* Description of the task *
Repeat only the stretch of lines below that runs from the line with "Mercedes-Benz Vito 36.532" through the line with "Imou ZE1 pulsante di allarme Wireless", unaltered.
☆ ☆ ☆
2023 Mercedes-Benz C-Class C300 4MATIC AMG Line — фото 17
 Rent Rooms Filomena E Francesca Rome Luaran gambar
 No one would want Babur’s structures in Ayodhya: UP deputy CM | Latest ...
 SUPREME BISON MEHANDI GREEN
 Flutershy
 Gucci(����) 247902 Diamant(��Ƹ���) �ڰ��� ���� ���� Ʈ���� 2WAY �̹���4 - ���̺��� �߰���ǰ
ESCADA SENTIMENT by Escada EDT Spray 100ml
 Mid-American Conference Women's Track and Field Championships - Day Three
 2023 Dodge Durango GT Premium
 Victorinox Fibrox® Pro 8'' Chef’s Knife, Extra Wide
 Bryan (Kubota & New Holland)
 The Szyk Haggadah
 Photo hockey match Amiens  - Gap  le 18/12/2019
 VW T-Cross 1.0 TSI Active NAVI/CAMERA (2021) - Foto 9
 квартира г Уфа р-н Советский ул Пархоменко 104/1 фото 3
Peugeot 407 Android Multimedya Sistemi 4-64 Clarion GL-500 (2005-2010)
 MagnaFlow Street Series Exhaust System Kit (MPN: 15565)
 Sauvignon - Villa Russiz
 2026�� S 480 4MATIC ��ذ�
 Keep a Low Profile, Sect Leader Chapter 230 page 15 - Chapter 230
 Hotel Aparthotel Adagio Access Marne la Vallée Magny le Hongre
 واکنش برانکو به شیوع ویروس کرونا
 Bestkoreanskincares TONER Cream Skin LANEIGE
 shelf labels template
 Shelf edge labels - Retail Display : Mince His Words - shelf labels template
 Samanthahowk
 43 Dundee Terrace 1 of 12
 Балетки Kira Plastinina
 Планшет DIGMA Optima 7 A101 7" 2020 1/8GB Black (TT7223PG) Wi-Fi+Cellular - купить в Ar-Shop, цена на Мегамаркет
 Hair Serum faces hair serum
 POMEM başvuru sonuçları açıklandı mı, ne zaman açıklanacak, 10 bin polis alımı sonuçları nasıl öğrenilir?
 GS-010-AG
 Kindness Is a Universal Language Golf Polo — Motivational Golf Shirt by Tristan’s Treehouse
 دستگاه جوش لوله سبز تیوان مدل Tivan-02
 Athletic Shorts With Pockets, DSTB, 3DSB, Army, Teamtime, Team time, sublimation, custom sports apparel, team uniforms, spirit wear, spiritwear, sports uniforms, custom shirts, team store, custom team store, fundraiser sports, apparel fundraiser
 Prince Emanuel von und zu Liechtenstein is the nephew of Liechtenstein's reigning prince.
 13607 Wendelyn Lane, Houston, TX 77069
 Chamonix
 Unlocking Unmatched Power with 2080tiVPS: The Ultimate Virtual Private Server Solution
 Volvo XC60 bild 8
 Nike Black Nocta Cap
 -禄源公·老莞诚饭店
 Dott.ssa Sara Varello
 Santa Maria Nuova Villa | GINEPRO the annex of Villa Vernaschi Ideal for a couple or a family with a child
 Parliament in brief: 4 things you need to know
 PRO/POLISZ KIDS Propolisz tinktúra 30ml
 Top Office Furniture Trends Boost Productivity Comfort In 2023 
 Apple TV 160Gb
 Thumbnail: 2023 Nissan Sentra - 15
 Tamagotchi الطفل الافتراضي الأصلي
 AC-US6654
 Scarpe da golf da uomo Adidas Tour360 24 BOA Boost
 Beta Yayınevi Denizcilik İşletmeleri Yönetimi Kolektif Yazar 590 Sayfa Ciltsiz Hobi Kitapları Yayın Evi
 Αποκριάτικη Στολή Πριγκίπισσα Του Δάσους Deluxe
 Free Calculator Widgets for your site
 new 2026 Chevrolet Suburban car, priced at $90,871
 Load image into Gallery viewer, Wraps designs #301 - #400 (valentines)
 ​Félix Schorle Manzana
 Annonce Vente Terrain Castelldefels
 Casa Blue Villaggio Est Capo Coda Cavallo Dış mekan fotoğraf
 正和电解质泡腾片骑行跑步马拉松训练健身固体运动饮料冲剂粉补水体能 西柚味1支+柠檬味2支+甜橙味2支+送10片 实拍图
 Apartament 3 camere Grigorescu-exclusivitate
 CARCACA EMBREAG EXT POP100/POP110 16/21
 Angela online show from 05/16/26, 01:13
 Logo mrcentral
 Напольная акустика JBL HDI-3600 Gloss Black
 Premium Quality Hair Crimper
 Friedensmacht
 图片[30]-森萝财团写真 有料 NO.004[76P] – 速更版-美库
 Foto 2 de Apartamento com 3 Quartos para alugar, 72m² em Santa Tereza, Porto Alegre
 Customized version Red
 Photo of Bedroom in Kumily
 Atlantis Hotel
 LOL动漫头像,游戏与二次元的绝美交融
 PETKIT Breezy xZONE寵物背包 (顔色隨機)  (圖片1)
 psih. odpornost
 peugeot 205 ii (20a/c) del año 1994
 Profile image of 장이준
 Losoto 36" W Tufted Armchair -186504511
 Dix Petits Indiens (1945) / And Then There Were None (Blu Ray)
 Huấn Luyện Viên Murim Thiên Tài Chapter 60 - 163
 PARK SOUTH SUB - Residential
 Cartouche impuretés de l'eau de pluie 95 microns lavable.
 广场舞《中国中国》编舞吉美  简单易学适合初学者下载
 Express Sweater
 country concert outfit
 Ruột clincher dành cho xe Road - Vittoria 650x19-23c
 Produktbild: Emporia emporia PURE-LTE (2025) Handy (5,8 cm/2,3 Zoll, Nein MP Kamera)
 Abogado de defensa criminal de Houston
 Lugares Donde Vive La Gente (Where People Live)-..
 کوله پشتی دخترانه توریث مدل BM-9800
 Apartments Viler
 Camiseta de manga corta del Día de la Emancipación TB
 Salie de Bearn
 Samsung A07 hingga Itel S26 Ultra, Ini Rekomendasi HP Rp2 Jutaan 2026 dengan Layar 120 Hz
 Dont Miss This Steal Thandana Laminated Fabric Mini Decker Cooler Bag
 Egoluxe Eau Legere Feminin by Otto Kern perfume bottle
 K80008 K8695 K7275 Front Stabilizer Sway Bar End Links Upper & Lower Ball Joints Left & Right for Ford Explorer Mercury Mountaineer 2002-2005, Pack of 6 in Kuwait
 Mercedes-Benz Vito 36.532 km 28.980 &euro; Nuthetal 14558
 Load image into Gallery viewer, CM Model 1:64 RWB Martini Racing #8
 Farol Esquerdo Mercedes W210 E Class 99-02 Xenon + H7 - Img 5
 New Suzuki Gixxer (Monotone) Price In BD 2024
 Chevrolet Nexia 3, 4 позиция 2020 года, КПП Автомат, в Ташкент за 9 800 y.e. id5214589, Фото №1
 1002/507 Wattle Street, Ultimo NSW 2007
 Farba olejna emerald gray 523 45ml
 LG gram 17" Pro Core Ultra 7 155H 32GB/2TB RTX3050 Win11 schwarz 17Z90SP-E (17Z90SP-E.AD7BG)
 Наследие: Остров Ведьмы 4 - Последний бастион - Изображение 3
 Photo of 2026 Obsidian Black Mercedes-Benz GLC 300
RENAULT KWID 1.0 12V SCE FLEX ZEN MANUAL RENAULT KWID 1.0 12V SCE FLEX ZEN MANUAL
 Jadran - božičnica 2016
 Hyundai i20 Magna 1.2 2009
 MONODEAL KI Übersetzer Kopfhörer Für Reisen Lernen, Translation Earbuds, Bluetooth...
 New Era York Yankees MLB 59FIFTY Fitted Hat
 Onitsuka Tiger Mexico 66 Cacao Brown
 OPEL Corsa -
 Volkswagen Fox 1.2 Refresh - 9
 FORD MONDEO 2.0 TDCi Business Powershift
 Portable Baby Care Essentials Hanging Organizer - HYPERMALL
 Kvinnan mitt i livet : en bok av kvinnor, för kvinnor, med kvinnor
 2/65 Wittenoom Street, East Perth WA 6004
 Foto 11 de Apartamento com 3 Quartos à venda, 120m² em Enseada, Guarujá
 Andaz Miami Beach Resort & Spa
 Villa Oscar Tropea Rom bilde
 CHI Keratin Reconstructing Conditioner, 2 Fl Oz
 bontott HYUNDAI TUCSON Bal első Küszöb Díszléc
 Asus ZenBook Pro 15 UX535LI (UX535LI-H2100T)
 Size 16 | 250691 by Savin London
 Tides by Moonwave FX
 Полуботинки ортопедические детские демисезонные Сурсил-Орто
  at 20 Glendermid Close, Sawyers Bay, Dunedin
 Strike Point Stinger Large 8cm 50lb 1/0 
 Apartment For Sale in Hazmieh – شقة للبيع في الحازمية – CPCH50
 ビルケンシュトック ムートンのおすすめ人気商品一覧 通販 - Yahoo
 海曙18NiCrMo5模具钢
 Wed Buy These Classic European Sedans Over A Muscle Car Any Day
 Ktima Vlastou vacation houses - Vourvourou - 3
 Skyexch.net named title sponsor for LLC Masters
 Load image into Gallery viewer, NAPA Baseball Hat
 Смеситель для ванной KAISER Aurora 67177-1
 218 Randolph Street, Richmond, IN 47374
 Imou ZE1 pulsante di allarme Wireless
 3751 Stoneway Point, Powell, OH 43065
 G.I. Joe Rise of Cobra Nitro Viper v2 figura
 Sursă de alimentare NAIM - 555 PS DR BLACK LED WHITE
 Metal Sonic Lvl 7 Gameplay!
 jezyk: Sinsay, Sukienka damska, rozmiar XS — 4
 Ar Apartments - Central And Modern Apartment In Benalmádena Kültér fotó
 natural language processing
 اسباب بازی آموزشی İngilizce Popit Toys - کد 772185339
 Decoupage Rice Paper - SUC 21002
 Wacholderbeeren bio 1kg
☆ ☆ ☆
* Response *
 Mercedes-Benz Vito 36.532 km 28.980 &euro; Nuthetal 14558
 Load image into Gallery viewer, CM Model 1:64 RWB Martini Racing #8
 Farol Esquerdo Mercedes W210 E Class 99-02 Xenon + H7 - Img 5
 New Suzuki Gixxer (Monotone) Price In BD 2024
 Chevrolet Nexia 3, 4 позиция 2020 года, КПП Автомат, в Ташкент за 9 800 y.e. id5214589, Фото №1
 1002/507 Wattle Street, Ultimo NSW 2007
 Farba olejna emerald gray 523 45ml
 LG gram 17" Pro Core Ultra 7 155H 32GB/2TB RTX3050 Win11 schwarz 17Z90SP-E (17Z90SP-E.AD7BG)
 Наследие: Остров Ведьмы 4 - Последний бастион - Изображение 3
 Photo of 2026 Obsidian Black Mercedes-Benz GLC 300
RENAULT KWID 1.0 12V SCE FLEX ZEN MANUAL RENAULT KWID 1.0 12V SCE FLEX ZEN MANUAL
 Jadran - božičnica 2016
 Hyundai i20 Magna 1.2 2009
 MONODEAL KI Übersetzer Kopfhörer Für Reisen Lernen, Translation Earbuds, Bluetooth...
 New Era York Yankees MLB 59FIFTY Fitted Hat
 Onitsuka Tiger Mexico 66 Cacao Brown
 OPEL Corsa -
 Volkswagen Fox 1.2 Refresh - 9
 FORD MONDEO 2.0 TDCi Business Powershift
 Portable Baby Care Essentials Hanging Organizer - HYPERMALL
 Kvinnan mitt i livet : en bok av kvinnor, för kvinnor, med kvinnor
 2/65 Wittenoom Street, East Perth WA 6004
 Foto 11 de Apartamento com 3 Quartos à venda, 120m² em Enseada, Guarujá
 Andaz Miami Beach Resort & Spa
 Villa Oscar Tropea Rom bilde
 CHI Keratin Reconstructing Conditioner, 2 Fl Oz
 bontott HYUNDAI TUCSON Bal első Küszöb Díszléc
 Asus ZenBook Pro 15 UX535LI (UX535LI-H2100T)
 Size 16 | 250691 by Savin London
 Tides by Moonwave FX
 Полуботинки ортопедические детские демисезонные Сурсил-Орто
  at 20 Glendermid Close, Sawyers Bay, Dunedin
 Strike Point Stinger Large 8cm 50lb 1/0 
 Apartment For Sale in Hazmieh – شقة للبيع في الحازمية – CPCH50
 ビルケンシュトック ムートンのおすすめ人気商品一覧 通販 - Yahoo
 海曙18NiCrMo5模具钢
 Wed Buy These Classic European Sedans Over A Muscle Car Any Day
 Ktima Vlastou vacation houses - Vourvourou - 3
 Skyexch.net named title sponsor for LLC Masters
 Load image into Gallery viewer, NAPA Baseball Hat
 Смеситель для ванной KAISER Aurora 67177-1
 218 Randolph Street, Richmond, IN 47374
 Imou ZE1 pulsante di allarme Wireless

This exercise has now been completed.